**WHAT YOU WILL DO**
Reproduce exactly the lines below from the one containing "woman taking selfie" through the one containing "replica cartier Ballon", including both, and nothing else.

(Saved data entries)
*** Begin section ***

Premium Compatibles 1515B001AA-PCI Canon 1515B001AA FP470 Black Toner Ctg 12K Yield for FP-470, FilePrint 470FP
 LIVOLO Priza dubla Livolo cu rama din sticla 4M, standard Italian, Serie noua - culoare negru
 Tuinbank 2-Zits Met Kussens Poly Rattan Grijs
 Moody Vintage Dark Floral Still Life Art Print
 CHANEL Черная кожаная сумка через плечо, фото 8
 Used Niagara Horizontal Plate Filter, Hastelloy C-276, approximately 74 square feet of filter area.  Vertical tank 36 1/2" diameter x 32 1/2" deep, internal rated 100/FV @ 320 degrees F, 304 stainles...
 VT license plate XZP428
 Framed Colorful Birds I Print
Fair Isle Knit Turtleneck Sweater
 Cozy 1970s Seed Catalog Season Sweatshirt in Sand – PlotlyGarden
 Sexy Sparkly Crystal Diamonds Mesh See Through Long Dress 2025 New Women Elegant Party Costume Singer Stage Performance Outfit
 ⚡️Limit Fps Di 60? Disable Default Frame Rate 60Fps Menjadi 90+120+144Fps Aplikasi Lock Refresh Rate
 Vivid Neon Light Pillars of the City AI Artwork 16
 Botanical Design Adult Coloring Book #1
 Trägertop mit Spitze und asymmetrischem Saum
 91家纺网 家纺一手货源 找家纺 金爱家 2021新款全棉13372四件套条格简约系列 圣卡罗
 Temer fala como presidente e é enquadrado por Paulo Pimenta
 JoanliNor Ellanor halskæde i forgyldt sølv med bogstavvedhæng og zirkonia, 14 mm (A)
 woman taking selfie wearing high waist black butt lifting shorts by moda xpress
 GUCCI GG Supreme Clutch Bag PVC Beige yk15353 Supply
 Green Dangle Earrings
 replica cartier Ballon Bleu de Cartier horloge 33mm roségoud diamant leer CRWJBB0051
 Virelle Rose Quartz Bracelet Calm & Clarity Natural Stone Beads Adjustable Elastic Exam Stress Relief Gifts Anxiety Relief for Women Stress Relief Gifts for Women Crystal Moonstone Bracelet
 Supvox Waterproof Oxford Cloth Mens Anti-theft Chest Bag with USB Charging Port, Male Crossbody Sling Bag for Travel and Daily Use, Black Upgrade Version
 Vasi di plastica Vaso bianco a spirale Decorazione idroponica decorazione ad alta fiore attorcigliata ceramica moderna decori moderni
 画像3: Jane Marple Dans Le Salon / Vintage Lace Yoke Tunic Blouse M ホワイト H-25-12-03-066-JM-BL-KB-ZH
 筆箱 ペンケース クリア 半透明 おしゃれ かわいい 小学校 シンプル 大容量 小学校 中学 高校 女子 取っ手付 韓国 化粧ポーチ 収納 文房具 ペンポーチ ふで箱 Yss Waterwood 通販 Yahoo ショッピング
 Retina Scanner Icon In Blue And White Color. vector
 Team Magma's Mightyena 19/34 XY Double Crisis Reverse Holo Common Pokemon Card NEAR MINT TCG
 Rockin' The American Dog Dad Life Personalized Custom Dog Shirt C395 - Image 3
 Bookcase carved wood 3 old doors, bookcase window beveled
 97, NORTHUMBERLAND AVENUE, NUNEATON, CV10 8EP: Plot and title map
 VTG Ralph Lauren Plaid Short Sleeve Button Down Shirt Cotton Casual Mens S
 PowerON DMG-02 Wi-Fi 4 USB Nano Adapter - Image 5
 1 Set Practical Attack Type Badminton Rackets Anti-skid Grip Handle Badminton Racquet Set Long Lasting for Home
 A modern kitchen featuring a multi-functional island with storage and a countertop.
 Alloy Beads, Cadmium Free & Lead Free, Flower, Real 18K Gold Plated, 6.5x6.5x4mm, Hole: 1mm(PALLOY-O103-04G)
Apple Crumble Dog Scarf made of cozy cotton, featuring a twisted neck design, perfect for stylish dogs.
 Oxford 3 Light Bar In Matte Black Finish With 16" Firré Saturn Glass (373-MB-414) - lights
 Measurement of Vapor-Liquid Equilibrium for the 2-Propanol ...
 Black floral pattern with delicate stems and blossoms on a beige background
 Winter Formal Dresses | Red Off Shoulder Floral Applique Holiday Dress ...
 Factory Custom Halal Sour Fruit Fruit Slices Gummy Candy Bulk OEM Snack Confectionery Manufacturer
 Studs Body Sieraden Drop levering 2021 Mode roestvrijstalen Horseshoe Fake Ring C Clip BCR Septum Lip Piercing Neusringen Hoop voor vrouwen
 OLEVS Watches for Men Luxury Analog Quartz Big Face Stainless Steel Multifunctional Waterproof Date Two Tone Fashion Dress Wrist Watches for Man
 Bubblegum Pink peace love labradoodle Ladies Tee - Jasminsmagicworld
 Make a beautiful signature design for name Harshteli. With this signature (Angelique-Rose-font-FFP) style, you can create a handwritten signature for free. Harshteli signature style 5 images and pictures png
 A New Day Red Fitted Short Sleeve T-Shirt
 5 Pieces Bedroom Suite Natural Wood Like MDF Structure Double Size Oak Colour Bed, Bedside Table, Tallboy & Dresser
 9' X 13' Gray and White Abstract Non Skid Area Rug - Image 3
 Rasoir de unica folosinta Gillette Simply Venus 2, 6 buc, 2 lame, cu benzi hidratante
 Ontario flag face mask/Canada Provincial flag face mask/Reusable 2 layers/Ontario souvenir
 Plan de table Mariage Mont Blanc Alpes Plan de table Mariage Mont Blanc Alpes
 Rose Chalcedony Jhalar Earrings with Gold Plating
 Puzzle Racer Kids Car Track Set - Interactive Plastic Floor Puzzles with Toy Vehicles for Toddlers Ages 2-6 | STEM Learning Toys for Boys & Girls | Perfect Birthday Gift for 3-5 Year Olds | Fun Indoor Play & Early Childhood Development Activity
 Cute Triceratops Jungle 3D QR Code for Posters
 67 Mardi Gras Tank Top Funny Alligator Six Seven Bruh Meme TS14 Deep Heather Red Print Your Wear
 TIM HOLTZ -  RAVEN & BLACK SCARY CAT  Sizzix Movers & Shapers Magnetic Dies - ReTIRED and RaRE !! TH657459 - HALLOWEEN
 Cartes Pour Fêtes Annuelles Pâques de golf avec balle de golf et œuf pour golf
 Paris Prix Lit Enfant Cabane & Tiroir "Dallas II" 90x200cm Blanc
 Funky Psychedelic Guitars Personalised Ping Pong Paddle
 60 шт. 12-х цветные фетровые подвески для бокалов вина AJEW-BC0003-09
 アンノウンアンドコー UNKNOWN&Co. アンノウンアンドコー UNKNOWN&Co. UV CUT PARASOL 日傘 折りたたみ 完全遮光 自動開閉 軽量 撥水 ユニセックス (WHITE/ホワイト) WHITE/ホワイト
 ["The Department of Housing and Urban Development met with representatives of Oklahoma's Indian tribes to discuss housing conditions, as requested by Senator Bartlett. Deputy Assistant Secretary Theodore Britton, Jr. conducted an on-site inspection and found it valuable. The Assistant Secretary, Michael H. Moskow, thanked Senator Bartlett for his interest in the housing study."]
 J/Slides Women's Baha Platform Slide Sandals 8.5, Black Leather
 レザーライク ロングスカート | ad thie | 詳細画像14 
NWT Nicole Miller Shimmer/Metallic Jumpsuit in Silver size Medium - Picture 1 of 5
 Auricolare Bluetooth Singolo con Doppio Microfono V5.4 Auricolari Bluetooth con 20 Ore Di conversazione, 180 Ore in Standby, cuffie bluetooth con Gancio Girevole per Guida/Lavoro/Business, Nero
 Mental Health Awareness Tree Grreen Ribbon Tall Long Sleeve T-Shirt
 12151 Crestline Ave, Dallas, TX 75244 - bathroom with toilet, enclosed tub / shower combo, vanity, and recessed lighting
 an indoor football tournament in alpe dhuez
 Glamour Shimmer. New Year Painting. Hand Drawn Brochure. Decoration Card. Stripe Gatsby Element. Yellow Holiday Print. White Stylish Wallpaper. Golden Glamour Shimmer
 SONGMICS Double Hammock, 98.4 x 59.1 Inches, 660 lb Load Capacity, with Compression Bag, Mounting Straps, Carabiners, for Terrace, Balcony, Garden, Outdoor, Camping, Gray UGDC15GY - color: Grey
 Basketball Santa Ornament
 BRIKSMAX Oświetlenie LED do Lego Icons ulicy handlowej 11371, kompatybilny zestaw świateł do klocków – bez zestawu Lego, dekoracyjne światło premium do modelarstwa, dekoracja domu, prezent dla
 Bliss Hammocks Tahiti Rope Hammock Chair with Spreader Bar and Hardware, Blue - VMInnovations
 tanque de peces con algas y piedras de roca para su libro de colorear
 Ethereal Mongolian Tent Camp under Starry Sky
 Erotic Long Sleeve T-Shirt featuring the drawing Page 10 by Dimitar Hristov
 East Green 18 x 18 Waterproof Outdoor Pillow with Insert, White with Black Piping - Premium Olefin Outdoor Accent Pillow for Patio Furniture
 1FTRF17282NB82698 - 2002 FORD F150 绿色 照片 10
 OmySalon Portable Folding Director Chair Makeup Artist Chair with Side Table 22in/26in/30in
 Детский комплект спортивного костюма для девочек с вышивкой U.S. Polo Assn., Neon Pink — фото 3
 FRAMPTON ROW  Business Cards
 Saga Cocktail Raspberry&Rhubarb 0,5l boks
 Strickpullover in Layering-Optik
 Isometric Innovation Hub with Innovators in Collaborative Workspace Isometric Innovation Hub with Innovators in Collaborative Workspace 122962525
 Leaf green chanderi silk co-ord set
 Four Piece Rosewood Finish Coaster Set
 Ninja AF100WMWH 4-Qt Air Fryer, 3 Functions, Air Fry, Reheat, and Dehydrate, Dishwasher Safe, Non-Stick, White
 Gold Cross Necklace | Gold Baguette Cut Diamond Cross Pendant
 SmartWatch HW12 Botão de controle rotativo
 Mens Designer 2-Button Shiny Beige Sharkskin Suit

*** End section ***

**EXERCISE OUTPUT**
 woman taking selfie wearing high waist black butt lifting shorts by moda xpress
 GUCCI GG Supreme Clutch Bag PVC Beige yk15353 Supply
 Green Dangle Earrings
 replica cartier Ballon Bleu de Cartier horloge 33mm roségoud diamant leer CRWJBB0051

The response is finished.